# trying out the strobist techniques



## Nate_Smith (Jan 6, 2009)

This is Jessica my girl and mother of my 8 month old we are just goofing off with 2 strobes some stands a snoot and some poverty wizards. Any CC is appreciated 





here is another one i need to put it back in ps and lighten in up looks a little dark at second glance


----------



## jlykins (Jan 6, 2009)

Little red X's my friend...


----------



## Nate_Smith (Jan 6, 2009)

sorry about that photobucket was acting up it is fixed now btw how do you find the direct link on flickr


----------



## AlfromLA (Jan 6, 2009)

Kinda dark.


----------



## Kegger (Jan 6, 2009)

Good technique, and composition. 

But they are underexposed. Drop the aperture a few stops, and focus on her face. In #1 it's front focused due to natural anatomical structure, lol.

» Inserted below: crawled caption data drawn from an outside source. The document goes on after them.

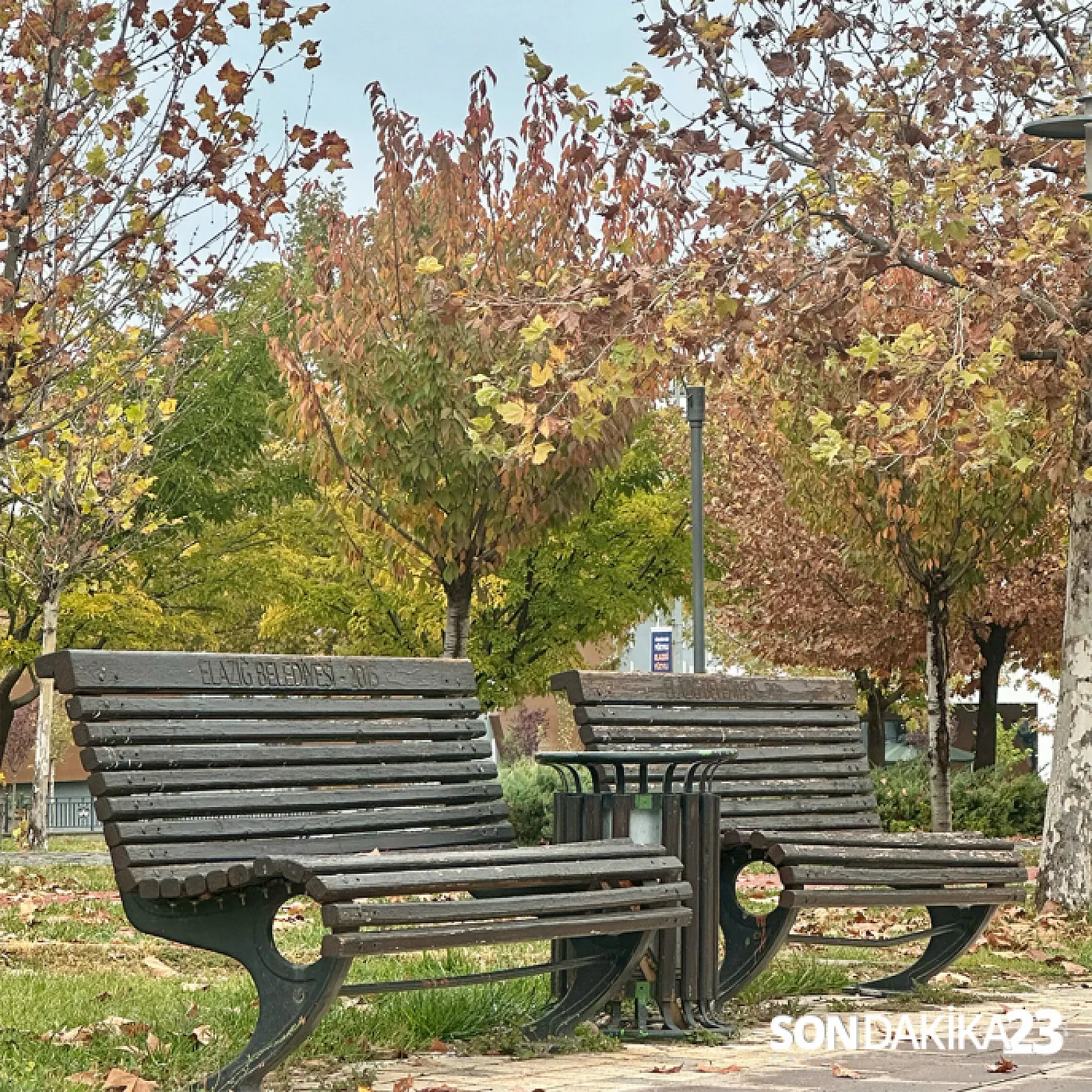 Elazığ'da son bahar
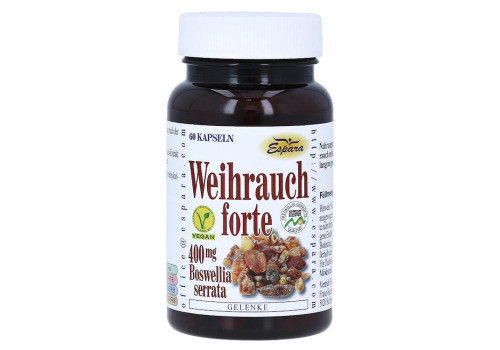 WEIHRAUCH FORTE Kapseln (PZN 6722119)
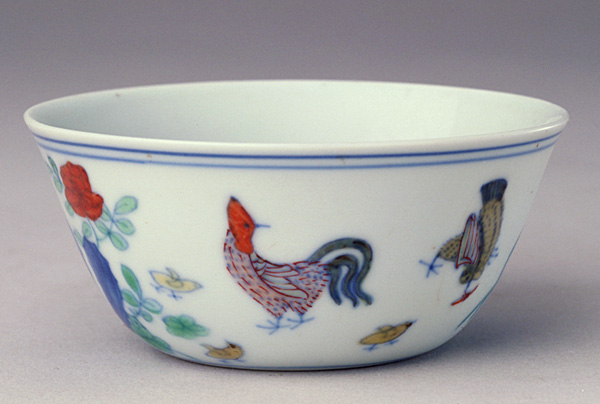 Rare Chinese Chicken Cup Auctioned for $36 million | Royal Ontario Museum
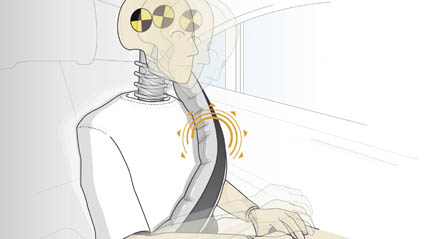 Mercedes ”Beltbag” – bälte med krockkudde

So her face is OOF. #2 looks a little to strained/serious. 

Just my .02


----------



## jlykins (Jan 6, 2009)

Agreed that they need to be lightened.  I would say that you picked a good looking mother for you child, and a nice posing/setup


----------



## Nate_Smith (Jan 6, 2009)

yeah the anatomical structure does make it hard to af with her ha ha never thought big boobs would cause me any problems but hey for as many pros as i can think of one con is not too bad yeah i think next go round i might slow down the shutter and open up a bit maybe turn up the strobes a stop


----------



## Flash Harry (Jan 7, 2009)

buy a lightmeter, get it right first time. H


----------



## AlfromLA (Jan 7, 2009)

Nate_Smith said:


> yeah the anatomical structure does make it hard to af with her ha ha never thought big boobs would cause me any problems but hey for as many pros as i can think of one con is not too bad yeah i think next go round i might slow down the shutter and open up a bit maybe turn up the strobes a stop



But she has nice boobs & what else is more important?


----------